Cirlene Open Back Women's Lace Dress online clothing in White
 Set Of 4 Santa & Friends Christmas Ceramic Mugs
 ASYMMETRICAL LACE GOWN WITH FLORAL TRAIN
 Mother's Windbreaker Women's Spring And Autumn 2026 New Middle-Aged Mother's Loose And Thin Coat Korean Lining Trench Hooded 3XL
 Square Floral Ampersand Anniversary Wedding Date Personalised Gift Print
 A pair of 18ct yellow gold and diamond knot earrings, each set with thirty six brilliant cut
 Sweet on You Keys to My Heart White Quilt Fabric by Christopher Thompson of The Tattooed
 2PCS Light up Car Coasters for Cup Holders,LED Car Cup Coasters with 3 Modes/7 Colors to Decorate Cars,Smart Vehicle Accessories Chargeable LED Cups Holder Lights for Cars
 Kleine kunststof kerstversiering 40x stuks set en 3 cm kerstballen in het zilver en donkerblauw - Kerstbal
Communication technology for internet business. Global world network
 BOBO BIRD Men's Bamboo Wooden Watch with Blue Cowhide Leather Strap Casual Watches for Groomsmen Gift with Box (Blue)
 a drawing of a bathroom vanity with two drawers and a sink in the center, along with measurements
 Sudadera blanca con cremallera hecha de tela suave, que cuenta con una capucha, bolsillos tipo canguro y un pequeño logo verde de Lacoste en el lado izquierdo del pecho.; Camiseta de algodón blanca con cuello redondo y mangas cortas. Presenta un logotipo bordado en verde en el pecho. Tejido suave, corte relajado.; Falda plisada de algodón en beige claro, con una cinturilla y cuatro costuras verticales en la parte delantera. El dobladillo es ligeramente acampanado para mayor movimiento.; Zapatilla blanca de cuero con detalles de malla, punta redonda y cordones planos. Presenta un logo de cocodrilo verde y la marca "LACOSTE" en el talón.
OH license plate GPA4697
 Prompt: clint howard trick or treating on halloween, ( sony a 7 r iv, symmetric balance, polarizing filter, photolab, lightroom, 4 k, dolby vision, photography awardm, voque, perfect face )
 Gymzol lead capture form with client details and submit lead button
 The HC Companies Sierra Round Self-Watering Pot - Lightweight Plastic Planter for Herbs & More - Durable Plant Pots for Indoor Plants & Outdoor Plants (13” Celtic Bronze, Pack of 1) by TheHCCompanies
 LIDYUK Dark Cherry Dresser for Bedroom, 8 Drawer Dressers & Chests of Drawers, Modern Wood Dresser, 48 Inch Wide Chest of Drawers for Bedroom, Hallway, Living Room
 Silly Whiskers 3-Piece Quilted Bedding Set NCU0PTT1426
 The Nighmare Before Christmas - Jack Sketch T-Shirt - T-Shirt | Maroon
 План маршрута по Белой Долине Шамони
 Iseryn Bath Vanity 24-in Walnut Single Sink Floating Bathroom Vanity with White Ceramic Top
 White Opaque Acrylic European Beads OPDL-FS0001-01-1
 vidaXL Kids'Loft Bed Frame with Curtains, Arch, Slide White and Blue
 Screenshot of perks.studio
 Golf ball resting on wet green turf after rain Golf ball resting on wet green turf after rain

== Work task ==
The answer must be an exact copy of the lines from the one containing "Iseryn Bath Vanity" through the last line of the records, both included.

== Solution ==
 Iseryn Bath Vanity 24-in Walnut Single Sink Floating Bathroom Vanity with White Ceramic Top
 White Opaque Acrylic European Beads OPDL-FS0001-01-1
 vidaXL Kids'Loft Bed Frame with Curtains, Arch, Slide White and Blue
 Screenshot of perks.studio
 Golf ball resting on wet green turf after rain Golf ball resting on wet green turf after rain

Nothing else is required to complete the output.